For purpose of understanding the natural folding mechanism and pathway of RNA, we selected the real structures of all 480 sequences from RNA STRAND with secondary and pseudoknotted structures, validated by NMR or X-Ray, non-fragment and non-redundant sequences, and analyzed their domains and sub-domains.

If the structure of RNA has multiple domains, we computed R as the ratios of 3'-end of domains to the length of sequence. Let L is the length of sequence. The ratio of the 3'-end of the helix (i, i+m: j-m, j) and the domain D(i, j) to the length of sequence s_1,Lis the ratio of j to L, that is R=j/L. We compute and analyze the value of R, and seek the partition characteristic of domains.

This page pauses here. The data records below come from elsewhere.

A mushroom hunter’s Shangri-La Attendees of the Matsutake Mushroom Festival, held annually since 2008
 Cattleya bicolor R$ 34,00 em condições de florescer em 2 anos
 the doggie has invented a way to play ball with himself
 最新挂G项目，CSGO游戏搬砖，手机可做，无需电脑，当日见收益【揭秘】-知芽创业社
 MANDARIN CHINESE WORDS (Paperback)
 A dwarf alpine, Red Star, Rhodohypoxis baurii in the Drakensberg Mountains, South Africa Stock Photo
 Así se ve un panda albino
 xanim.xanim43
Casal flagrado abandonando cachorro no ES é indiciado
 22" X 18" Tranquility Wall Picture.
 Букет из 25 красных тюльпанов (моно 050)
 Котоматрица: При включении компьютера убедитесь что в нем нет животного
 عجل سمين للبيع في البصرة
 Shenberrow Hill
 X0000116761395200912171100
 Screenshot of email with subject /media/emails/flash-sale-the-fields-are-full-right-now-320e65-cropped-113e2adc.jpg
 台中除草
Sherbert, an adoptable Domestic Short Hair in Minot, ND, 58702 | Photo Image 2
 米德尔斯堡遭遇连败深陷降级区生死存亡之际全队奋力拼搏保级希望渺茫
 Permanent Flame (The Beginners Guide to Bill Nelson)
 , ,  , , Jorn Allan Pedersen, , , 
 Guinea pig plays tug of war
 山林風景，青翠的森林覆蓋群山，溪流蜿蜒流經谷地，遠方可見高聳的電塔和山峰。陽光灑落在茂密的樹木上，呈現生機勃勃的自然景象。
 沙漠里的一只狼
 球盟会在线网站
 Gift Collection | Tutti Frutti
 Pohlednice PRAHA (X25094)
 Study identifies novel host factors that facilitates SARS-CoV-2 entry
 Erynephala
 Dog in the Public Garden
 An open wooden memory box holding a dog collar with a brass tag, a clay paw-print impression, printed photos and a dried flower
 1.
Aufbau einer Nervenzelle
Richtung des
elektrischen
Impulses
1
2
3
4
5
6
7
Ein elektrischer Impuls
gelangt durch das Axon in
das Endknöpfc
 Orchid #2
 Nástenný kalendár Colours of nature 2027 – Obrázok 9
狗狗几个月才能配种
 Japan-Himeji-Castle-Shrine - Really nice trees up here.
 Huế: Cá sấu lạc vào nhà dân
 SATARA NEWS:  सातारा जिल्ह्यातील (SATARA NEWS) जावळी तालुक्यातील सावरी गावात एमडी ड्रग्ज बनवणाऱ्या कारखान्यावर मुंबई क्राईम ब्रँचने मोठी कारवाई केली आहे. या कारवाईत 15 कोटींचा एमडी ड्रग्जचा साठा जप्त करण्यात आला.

If the structure of RNA has only one domain, we computed SR as the length ratios of its sub-domains to the domain. If the domain D(i, j) is closed by a helix (i, i+m: j-m, j), then its internal length is j-i-2m-1, and SR is equal to (q-p+1)/(j-i-2m-1) for the sub-domain D(i+p, i+q) with j-m-i>q>p>m. We compute and analyze the value of SR, and seek the partition characteristic of sub-domains.

Characteristic of equipartition for synthetic RNA

We compare the structures of all 248 sequences of synthetic RNA. The results of statistical analysis on these structures are shown in Figure 1, Figure 2, Table 1 Table 2 and Table 3.

Distribution of ratios for synthetic RNA with two domains. (a) For all validated by NMR or X-Ray, non-fragment and non-redundant 48 synthetic RNA sequences with two domains from RNA STRAND, the length ratio of 3'-end of domains to its sequence is computed and the summarization is shown. The first ratio centres on 0.5, and the second ratio is 1.0. (b) The x-axis represents the sequence, and the y-axis represents length ratio of the 3'-end of domain to the sequence.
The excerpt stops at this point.